Mulanya, Pemerintah melarang media berhaluan Katolik,
The Herald, menggunakan kata Allah dalam edisi bahasa Malaysia untuk menggambarkan Tuhan umat Kristen.
Namun, media tersebut menuntut larangan pemerintah itu. Pihak pengadilan mengabulkan pada Desember 2009. Tapi kemudian, pemerintah mengajukan banding.
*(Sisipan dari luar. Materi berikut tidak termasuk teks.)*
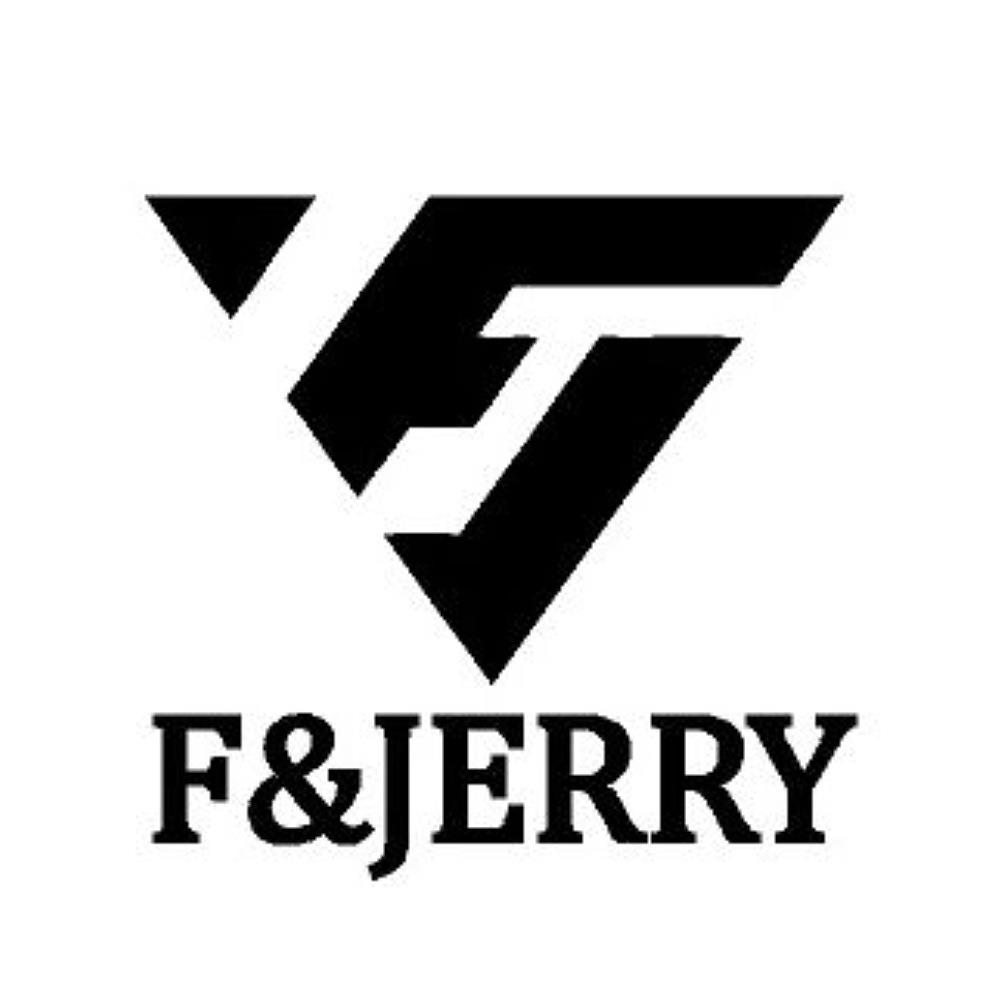 F&JERRY logo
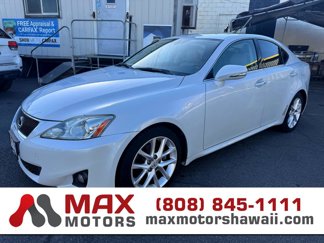 Used 2011 Lexus IS 250 image 1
Ketua Majelis Hakim Pengadilan Tingkat Banding Malaysia Mohamed Apandi Ali beralasan, penggunaan kata Allah bukan bagian dari keimanan dalam agama Kristen. "Penggunaan kata Allah akan membingungkan umat Kristen," jelasnya seperti dikutip dari
BBC (Senin, 14/10).
Lebih dari seratus orang umat Islam di luar gedung pengadilan menyambut gembira putusan tersebut. Mereka melambai-lambaikan spanduk yang bertuliskan "kata Allah hanya milik Islam."
Menurut mereka, penggunaan kata Allah oleh umat Kristen bisa mempengaruhi umat Islam pindah agama.
Sementara itu, editor
The Herald, Reverend Lawrence Andrew kecewa dan mencemaskan putusan tersebut. Karena itu dia akan melawan putusan tersebut dan kembali menempuh jalur hukum. "Ini sebuah langkah mundur dari perkembangan hukum terkait dengan hak kebebasan kelompok minoritas," tegasnya.
Padahal, bible berbahasa Malaysia telah menggunakan kata Allah yang merujuk pada Tuhan umat Kristen, sejak Malaysia resmi sebagai negara yang menggunakan sistem federal pada 1963.
Sebelumnya, peraturan itu telah memancing ketegangan di antara umat beragama. Sejumlah gereja dan pusat kegiatan keagamaan umat Islam diserang dan dibakar.